While Merutunga's account may not be entirely accurate from a historical perspective, there is little doubt that Munja was killed in Deccan in the mid-990s, as a result of his campaign against Tailapa. The 1003 Kauthem inscription records Tailapa's imprisonment of Utpala (another name for Munja).

In his victory against Munja, Tailapa appears to have been aided by his Yadava vassal Bhillama II. The 1000 Sangamner inscription of Bhillama II poetically boasts that Bhillama thrashed the goddess of prosperity Lakshmi on the battlefield because she had sided with Munja, and forced her to become an obedient housewife in the palace of king Rana-ranga-bhima (a synonym of Tailapa's title Ahavamalla).

=== Cholas ===

As a Rashtrakuta vassal, Tailapa may have participated in his overlord Krishna III's campaigns against their southern neighbours, the Cholas. A 980 inscription describes Tailapa as Indra's thunderbolt to the strong Chola mountain. At that time, the Chola king was Uttama, and it is possible that his attempts to recover the territories captured by Krishna brought him into conflict with Tailapa.

Uttama's successor Rajaraja I invaded and captured several territories in present-day Karnataka, as attested by a 991 Mysore inscription and other inscriptions that mention his conquest of Ganga and Nolamba territories 993 onwards. Tailapa's 992 Kogali inscription states that he stayed at a military camp at Rodda (in present-day Anantapur district) after defeating the Chola king and seizing 150 war elephants from the enemy.

== Successors ==

Extent of Western Chalukya Empire in 1121, over a century after Tailapa's death

Tailapa died around 997. He and his queen Jakavve had two sons: Satyashraya and Dashavarman (alias Yashovarman). Tailapa was succeeded by his elder son Satyashraya, and then by Dashavarman's son Vikramaditya V.

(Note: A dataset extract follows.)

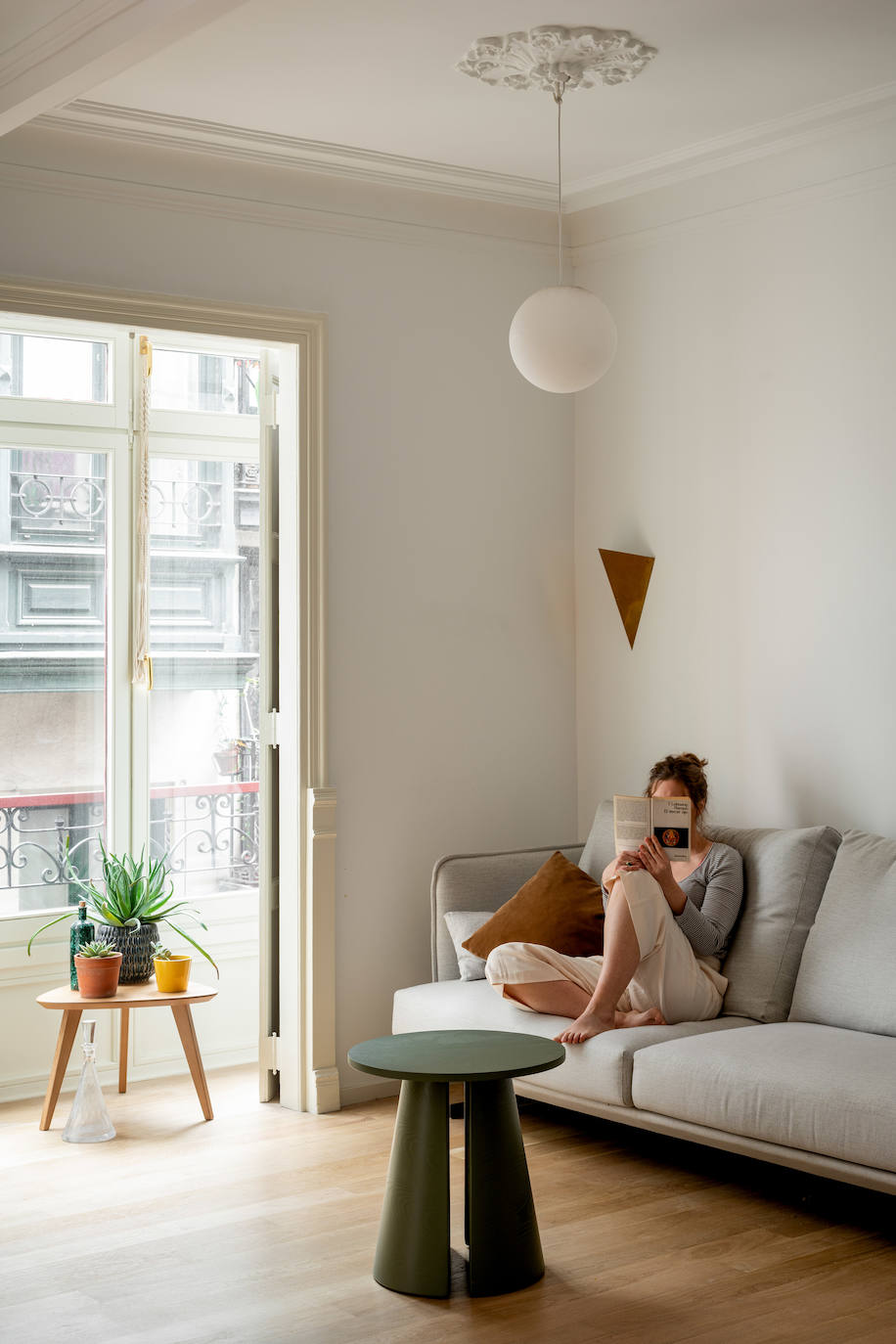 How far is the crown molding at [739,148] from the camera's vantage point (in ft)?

Tailapa maintained his headquarters at the former Rashtrakuta capital Manyakheta. His son and successor Satyashraya ruled Rattapadi, and the contemporary Chola inscriptions often use the term Rattapadi to describe the Chalukya kingdom. The later Chalukya rulers ruled from Kalyani.

== Cultural activities ==

The Chalukya court poet Ranna composed his Gadayuddha during the reign of Ahavamalla, who is identified as Tailapa II by some scholars. However, the text refers to his son Satyashraya as an emperor, and the title Ahavamalla was also held by Satyashraya. Because of this, other scholars believe that the Gadayuddha was composed during Satyashraya's reign. Govinda Pai, a 20th-century Kannada poet, theorized that Ranna composed the first version of Gadayuddha in 982 (during Tailapa's reign). To explain the text's mention of a mid-990s battle and its comparison to a 993 solar eclipse, Pai theorized that Ranna must have revised the text at a later date.

The Kalleshvara temple complex at Bagali, originally consecrated during the late Rashtrakuta rule, was completed during Tailapa's reign. In 987, an individual named Duggimayya consecrated the shrine, and a feudatory named Mahasamanta Adityavarma commissioned a garden in the temple complex.